No, they would probably want Poland, Slovakia etc. But I would say Russia is no danger to Germany or France or Norway or Turkey. And those countries know it and count on it. You know that story about how you don’t have to outrun the bear, right?

Heh, no. In the west “Soviet Union” and “Russia” was used interchangably. When we were on manuvers near the Russian/Soviet border, the orders and instructions carefully avoided giving the enemy a name, but everyone just said Russia. There was little awareness of a distinction between the two.

The bears hunger can be satisfied. Europes experience with invaders is that they can’t be satisfied. They may stop for a couple of year to digest the latest conquest, but then you’re back in the same position except youære a few countries short.

In your analogy, a party of well-armed campers won’t run til the bear gets the slowest, then hang around till the bear grows hungry again and repeat. They’ll just shoot the bear.

Also, saying we count on Russia not being a danger is about as wrong as you can get.

It’s not the question of semantics. It’s the question of what state NATO was formed to defend against. Russia today is not in any way as relatively powerful as Soviet Union was then.

I just don’t think Europeans think that way. They are in a full appeasement mode, and have been for a while. West Europeans - France, Germany, Spain… The Eastern Europeans know the bear too well but they are not well equipped to deal with him.

Also worth considering is the cost of intervening on behalf of Ukraine, when Ukraine isn’t a NATO member: a free-rider problem. If you can get the benefits of membership without the costs or obligations, why join? That’s not a wise message to send about your military alliance.

I quite agree there. I apologize if I was unclear, but my point was that in the minds of Europeans, NATO was created as a mutural defense against Russia/Soviet Union. And in the minds of Europeans, there was and still is very little difference. The Russians are percieved as exactly the same personality as the Soviet Union. Less power but just as threatening attitude.

I have no idea how you formed that impression. There is a branch of winter sports called biathlon. We generally do well in it, and we do so to send a message to the Russians. During my time in the army, practice of the sport was considered part of the service and if you were at the level where you competed you had as much time of for practice as you wanted. Thats just one thing.

Many of the countries you refer to still practice conscription, with a majority of males spending a year or so in the army. And everyone knows why. Norway recently extended the draft to cover men and women. Its not due to worries about Sweden.

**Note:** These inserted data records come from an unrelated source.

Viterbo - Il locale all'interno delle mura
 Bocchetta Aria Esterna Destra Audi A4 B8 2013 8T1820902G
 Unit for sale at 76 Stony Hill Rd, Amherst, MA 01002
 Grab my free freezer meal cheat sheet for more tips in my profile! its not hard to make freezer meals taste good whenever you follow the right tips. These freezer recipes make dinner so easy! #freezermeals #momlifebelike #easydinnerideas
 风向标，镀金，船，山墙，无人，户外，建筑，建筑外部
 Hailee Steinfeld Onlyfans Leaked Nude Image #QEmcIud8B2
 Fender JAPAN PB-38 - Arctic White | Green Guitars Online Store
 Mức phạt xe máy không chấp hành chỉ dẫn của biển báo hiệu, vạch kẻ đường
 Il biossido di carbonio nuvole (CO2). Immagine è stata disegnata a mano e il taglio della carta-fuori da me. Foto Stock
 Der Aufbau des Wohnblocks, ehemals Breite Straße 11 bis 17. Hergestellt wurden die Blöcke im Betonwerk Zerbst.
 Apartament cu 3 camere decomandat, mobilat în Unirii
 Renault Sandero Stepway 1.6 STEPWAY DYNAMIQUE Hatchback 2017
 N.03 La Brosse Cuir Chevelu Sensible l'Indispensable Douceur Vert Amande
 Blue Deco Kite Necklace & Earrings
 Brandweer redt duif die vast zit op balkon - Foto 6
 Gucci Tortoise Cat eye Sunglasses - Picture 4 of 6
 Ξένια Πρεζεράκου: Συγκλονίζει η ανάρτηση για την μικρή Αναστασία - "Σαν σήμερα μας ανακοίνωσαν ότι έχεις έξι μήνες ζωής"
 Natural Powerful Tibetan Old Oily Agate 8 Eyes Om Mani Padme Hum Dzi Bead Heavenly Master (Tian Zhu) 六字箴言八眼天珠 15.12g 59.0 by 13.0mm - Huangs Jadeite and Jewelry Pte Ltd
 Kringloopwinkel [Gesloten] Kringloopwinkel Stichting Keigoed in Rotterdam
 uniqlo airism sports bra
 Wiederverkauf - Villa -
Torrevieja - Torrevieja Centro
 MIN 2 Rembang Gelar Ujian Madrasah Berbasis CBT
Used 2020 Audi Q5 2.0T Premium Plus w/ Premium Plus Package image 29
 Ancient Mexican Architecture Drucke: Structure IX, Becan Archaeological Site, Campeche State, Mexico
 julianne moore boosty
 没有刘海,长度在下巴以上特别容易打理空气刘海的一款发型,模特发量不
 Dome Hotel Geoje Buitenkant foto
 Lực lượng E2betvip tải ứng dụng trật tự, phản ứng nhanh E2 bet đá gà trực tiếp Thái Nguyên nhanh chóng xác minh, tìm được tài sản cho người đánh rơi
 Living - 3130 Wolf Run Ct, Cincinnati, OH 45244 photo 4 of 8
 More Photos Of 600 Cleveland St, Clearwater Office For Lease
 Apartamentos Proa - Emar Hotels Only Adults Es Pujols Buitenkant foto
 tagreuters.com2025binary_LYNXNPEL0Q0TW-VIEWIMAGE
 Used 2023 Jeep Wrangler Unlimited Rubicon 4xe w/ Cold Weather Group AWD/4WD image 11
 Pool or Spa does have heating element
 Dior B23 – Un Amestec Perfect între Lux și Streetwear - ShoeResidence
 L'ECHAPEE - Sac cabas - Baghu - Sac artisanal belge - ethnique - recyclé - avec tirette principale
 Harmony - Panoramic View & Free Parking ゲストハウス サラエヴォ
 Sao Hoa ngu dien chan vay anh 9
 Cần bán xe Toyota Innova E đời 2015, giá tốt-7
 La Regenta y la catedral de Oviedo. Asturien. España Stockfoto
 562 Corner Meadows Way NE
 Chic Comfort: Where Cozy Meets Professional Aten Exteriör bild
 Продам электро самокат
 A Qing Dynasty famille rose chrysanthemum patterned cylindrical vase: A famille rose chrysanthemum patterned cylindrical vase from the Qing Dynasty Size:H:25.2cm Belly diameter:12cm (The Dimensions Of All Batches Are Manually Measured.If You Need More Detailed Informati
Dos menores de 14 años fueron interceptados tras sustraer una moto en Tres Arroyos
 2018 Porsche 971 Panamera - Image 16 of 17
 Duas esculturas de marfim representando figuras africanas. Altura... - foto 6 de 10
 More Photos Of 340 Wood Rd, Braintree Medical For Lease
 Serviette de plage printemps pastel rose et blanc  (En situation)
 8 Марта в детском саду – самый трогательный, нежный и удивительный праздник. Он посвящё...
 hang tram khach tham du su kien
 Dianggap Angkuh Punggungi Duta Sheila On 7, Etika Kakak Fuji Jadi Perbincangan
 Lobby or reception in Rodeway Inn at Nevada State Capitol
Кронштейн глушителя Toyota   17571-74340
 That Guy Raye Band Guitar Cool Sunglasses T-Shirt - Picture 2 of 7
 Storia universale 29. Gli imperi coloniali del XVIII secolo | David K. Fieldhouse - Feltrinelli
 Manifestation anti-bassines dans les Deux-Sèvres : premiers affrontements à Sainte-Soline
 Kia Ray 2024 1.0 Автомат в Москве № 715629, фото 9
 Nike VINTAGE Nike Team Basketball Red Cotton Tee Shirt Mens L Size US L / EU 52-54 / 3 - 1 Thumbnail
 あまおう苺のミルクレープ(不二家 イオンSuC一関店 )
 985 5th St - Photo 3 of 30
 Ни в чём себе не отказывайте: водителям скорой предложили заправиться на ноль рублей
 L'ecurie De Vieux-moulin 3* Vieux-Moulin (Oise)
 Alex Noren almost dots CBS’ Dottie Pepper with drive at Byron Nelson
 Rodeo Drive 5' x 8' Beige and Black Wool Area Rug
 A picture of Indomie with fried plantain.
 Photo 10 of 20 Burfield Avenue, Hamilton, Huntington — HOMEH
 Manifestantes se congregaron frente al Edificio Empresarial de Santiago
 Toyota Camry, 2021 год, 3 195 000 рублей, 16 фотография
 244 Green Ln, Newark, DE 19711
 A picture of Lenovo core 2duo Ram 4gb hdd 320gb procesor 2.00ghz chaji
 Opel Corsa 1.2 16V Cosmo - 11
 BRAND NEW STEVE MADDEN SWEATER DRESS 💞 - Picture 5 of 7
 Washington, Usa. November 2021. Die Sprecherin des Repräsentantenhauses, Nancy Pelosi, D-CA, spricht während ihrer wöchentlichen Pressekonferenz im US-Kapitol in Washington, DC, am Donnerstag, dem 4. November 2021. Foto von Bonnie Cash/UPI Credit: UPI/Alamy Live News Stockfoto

And Russia won’t let countries go into appeasement mode. They seem constitutionally unable not to try to bully neighbouring countries. Norwegian fighters had to meet Russian planes 71 times in 2012. Thats 3 times every 2 weeks. This is why Norway is impatient for the delivery of those 52 F-35s on order.
Sweden and Finland is looking again at NATO membership. Sweden refers to Russias practice bombing run against Sweden during easter 2013. Top of every newspaper in Sweden then.

Saying that “those countries are in no danger from Rusiia and know it” is about as wrong as it can get. Russia simply seems constitutionally unable to stop bullying its neighbours, seeing every interaction through a lens of military power.

This could have been said about the USSR too. And NATO solidarity was probably what protected the rest of Europe.

So if NATO is ‘solid’ (in Russia’s view), Russia will not attack a NATO country. I think that the President and the rest of NATO are doing as much as they can to project solidarity, as they should. A war of NATO vs Russia on non-Russian soil would not be much of a contest. Russia knows this.

Eastern European neighbors - yes. France/Germany/Spain/UK - no.

Norway, Sweden and Finland are hardly eastern Europeans. Or Denmark. France tends to be pretty hardass about military responses. The UK on its own cound give Russia a serious fight. Germany has admittedly downgraded its military vastly. But no western country knows what Russia is capable of quite as well as Germany. We shall see what happens after this wakeup call. Germanys military potential is significantly greater than Russias.